Each line below from the one containing "Chaussure noire de" through the one containing "interior space featuring" is to be given again exactly, and no line outside that span.
Input START
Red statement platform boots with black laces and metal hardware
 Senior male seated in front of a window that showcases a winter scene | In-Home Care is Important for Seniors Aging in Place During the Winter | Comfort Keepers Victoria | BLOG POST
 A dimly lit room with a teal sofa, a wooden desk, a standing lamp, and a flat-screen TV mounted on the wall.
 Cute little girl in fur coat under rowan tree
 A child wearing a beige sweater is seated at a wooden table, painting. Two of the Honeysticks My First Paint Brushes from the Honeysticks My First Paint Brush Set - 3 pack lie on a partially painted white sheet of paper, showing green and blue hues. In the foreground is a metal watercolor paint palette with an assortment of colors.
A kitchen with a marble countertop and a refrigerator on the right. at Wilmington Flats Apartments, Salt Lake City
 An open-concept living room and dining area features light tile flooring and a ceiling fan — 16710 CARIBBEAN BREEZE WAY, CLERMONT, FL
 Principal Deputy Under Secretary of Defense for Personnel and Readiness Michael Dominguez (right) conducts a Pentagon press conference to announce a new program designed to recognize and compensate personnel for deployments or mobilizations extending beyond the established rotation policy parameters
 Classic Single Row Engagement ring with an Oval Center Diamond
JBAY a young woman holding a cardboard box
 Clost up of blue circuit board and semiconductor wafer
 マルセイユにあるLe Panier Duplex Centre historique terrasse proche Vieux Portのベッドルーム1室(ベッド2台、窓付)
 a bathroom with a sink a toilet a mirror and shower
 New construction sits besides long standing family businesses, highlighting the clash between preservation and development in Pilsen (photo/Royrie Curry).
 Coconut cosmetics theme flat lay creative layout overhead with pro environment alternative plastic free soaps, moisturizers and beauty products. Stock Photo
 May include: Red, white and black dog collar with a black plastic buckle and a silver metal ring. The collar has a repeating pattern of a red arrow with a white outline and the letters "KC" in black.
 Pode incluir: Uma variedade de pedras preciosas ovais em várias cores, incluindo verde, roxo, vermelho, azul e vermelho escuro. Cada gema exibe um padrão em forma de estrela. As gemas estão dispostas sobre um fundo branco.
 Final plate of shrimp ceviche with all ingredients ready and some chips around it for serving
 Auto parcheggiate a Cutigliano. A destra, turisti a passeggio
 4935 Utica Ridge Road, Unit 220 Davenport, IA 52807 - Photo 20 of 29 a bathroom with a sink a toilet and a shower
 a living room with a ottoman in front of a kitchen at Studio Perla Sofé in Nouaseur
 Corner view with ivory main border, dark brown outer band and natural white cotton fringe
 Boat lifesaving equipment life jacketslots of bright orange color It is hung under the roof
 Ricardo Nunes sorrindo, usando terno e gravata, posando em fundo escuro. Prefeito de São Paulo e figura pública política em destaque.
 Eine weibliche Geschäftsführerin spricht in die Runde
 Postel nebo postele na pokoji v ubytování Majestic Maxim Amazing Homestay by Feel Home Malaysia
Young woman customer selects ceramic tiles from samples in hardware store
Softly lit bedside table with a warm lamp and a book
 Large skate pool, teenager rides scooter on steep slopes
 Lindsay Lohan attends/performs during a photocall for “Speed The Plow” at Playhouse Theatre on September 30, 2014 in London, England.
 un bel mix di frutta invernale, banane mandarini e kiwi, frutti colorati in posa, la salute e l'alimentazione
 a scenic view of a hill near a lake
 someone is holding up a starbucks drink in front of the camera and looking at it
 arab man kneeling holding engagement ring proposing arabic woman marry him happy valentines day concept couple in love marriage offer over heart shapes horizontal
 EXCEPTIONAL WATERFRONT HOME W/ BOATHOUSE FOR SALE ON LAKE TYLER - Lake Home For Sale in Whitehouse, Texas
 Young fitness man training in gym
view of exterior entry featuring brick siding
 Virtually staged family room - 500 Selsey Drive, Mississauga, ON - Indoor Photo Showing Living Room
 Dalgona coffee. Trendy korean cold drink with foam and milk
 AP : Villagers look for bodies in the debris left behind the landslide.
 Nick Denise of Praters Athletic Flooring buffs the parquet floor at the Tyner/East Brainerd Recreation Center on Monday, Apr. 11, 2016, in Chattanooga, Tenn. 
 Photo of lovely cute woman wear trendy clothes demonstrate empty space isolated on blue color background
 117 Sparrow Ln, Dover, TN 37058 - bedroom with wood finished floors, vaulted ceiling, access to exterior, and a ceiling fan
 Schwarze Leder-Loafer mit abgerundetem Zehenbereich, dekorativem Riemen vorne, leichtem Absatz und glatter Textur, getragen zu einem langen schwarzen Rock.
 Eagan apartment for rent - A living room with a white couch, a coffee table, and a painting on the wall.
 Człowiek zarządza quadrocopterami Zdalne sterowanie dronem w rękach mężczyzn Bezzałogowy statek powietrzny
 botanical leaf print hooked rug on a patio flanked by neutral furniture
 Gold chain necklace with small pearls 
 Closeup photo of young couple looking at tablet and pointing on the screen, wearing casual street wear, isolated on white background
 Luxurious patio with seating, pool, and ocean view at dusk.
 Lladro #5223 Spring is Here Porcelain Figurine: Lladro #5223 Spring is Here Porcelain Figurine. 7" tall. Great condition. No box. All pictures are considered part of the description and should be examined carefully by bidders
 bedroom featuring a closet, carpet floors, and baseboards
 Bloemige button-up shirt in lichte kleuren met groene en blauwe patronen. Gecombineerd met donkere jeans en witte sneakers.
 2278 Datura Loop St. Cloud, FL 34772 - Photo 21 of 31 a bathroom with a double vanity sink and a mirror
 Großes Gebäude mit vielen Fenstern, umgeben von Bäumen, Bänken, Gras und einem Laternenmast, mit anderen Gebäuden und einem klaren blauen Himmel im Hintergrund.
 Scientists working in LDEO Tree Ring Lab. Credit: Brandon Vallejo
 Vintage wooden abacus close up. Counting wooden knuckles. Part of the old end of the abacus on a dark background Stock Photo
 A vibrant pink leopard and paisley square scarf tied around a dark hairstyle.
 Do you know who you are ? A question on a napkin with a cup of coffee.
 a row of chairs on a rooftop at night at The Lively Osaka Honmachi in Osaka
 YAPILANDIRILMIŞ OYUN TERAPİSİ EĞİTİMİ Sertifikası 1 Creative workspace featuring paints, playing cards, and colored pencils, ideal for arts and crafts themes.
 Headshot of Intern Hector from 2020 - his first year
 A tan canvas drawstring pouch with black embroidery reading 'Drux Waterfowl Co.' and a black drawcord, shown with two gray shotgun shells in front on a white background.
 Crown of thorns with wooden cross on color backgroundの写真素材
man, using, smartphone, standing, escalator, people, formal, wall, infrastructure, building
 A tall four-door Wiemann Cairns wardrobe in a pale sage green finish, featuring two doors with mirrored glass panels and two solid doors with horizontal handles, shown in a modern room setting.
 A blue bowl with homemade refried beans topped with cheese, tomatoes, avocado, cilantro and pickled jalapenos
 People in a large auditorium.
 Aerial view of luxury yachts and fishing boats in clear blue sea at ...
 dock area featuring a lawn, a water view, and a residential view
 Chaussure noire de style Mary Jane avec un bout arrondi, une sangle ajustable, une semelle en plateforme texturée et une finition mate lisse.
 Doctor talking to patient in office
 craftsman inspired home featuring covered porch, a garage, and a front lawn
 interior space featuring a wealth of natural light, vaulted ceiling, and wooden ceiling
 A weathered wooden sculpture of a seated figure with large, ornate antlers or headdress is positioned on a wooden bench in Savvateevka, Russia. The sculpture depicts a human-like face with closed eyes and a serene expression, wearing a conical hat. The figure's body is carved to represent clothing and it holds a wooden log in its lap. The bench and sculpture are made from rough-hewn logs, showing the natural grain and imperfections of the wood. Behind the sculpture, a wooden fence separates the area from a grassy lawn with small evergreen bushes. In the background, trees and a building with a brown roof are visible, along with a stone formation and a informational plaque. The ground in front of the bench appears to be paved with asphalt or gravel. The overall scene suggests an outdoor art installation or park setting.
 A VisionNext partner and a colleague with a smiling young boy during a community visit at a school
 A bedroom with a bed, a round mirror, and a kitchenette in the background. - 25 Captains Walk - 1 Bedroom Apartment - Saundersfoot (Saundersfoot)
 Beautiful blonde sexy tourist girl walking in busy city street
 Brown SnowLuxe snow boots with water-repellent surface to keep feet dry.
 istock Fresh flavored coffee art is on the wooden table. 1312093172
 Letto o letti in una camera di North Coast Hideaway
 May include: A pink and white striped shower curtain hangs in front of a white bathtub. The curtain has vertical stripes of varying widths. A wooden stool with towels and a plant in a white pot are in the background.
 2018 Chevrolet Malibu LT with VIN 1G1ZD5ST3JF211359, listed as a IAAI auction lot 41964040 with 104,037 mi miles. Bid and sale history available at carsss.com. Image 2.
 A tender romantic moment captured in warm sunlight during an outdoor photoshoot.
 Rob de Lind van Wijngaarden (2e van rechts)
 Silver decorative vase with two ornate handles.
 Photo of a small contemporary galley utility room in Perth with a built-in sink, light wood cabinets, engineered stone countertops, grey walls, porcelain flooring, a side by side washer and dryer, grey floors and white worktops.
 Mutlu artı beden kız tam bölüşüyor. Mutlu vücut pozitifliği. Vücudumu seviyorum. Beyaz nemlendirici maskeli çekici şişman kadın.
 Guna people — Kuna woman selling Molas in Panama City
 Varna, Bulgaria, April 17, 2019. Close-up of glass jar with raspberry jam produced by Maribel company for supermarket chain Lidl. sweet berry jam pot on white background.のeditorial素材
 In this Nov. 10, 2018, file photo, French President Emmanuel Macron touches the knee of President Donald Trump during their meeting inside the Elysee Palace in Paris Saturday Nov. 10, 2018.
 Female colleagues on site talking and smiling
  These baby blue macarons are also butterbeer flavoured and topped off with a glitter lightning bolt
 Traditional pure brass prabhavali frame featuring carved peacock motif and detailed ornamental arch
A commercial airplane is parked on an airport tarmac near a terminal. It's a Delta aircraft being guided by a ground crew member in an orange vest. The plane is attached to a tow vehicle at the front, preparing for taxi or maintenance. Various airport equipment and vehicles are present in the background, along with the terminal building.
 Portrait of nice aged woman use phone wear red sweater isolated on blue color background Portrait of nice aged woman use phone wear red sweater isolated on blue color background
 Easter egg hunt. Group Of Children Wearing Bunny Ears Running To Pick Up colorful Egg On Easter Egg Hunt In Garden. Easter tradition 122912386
Input END
* Exercise answer *
 Chaussure noire de style Mary Jane avec un bout arrondi, une sangle ajustable, une semelle en plateforme texturée et une finition mate lisse.
 Doctor talking to patient in office
 craftsman inspired home featuring covered porch, a garage, and a front lawn
 interior space featuring a wealth of natural light, vaulted ceiling, and wooden ceiling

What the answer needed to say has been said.